Speaker 2:Um, and does that mean he's going to? You know I'm going to get bigger, I might have spots, I might do you know? I mean, is that going to be another reason for him to cheat, you know? Um, so yeah, that was a massive thing for me. Um, mentally trying to process um, the pregnancy.
Speaker 1:I thought we'll have a minute to pause and, and what would be? Obviously, your life has changed and we're gonna go into that later on, but for anybody who is listening, who is going through a similar experience, um, what would be your advice to them? Because many people say, oh, why don't you leave? Or it's easy to just get up and leave, but it's you've, you've lived it, you've been through it. What? How could you help other men and women, whether young and old? How? What would be your advice to them?
Speaker 1:I would say, I guess, now being through it, I would say and we're particularly talking about, like the cheating, because there's many people that is in a relationship where they're with a serial cheater and some people say like, oh, just walk away, or why is he or she still there? Or people who's actually in your shoes, that is a single parent and is actually settling for somebody who's a serial cheater. What?
Speaker 2:would be your strength for them.
Speaker 2:I would say to walk away. It's weird because, because you know, I had people saying that to me and when you're when you're in it, it is very hard um. So I do get why a lot of women do stay um in relationships like that, and men too, to be honest with you, um, but I guess walking away um definitely is, even with a child. Um, because I guess why I say this is some people are really good at reading you, knowing your weaknesses, and that's another thing that I did. I let him into my personal world. You know a bit too much. I told him about my childhood. I told him about my experiences growing up, what I went through, and there was a lot of times that he did play on that and he used that against me to keep me stuck.
Speaker 2:So that's why I can confidently say you know, if they are mentally draining you, you're noticing drastic changes in yourself. You know I didn't want to leave my home. I looked in the mirror. I used to see, just see, just death, literally. I hated the way that I looked, got rid of all my clothes, hardly went out. Um, if you're noticing anything like that, you know leave, and even if, for example, you're explaining to them how you're feeling. They're not taking it on. It's going in one ear and out the other.
Speaker 1:You know, leave um yeah, I'd also say excluding you from friends and family um, because I know Maya um, and there was one point as well that I could talk on because we spoke about it, and I bought her a blender and I drove all the way up to her house because she lives in Timbuktu and I was ringing ringing the doorbell and she would always answer and I always remember that that's not her character.

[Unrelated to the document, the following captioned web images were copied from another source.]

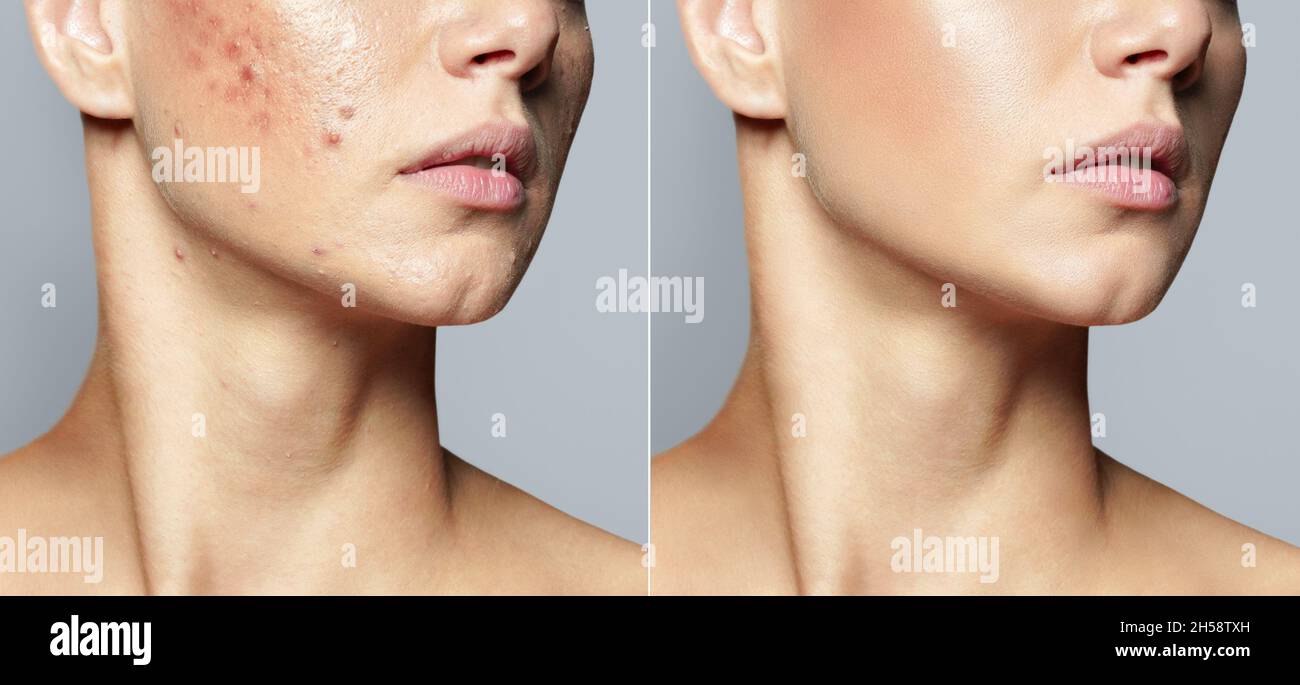 Teenager-Mädchen vor und nach Akne-Behandlung Hautpflege Konzept. Akne-Behandlung in einer Kosmetologie-Klinik Stockfoto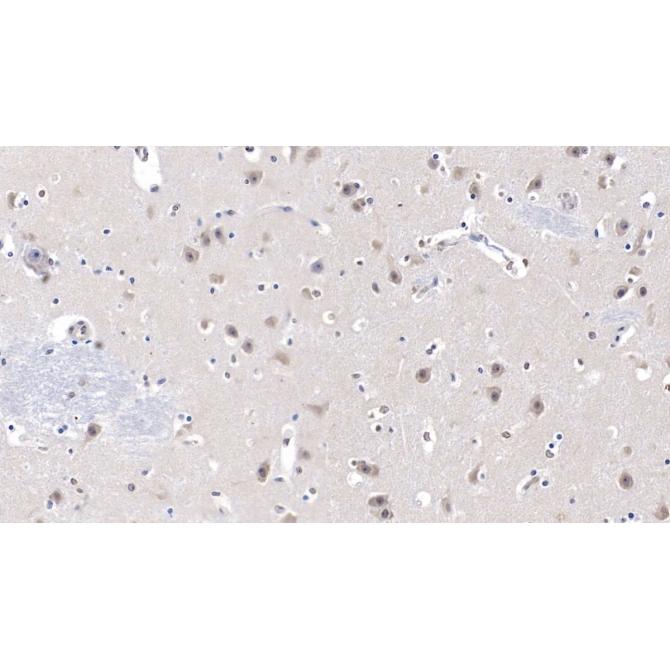 Lecithin Cholesterol Acyltransferase (LCAT) Human Monoclonal Antibody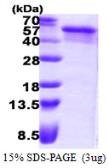 Human NEIL1 protein, His tag. GTX68737-pro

Speaker 1:And I sent a message to basically said like, oh, I left the gift on the. I was able to get in to where she lived to just put the gift outside and I was just about to go and I remember a message saying like I can come, and I remember him opening the door and the whole aura just felt controlled. The whole aura just felt controlled. And I think I know women sometimes do it naturally when it's taken them so long to find a boyfriend that they distance themselves naturally. But that's also a massive red flag because when you distance yourself and you put your partner not saying that your friends or family should be first, but when you don't have a balanced relationship, it's so much easier for somebody who's an abuser to keep you in a box and nobody will know. So I think that's another thing to be very mindful of 100%.
Speaker 2:Definitely, because you're. But the thing is, when you're in it you don't realize it either you know, and that was one of the biggest things. I didn't really realize it. Um, it's not until I got out of it and I look back on the situation, um that I realised what was happening yeah um, and I think also a lot of it was to do with, again, what I had experienced growing up so unhealed trauma.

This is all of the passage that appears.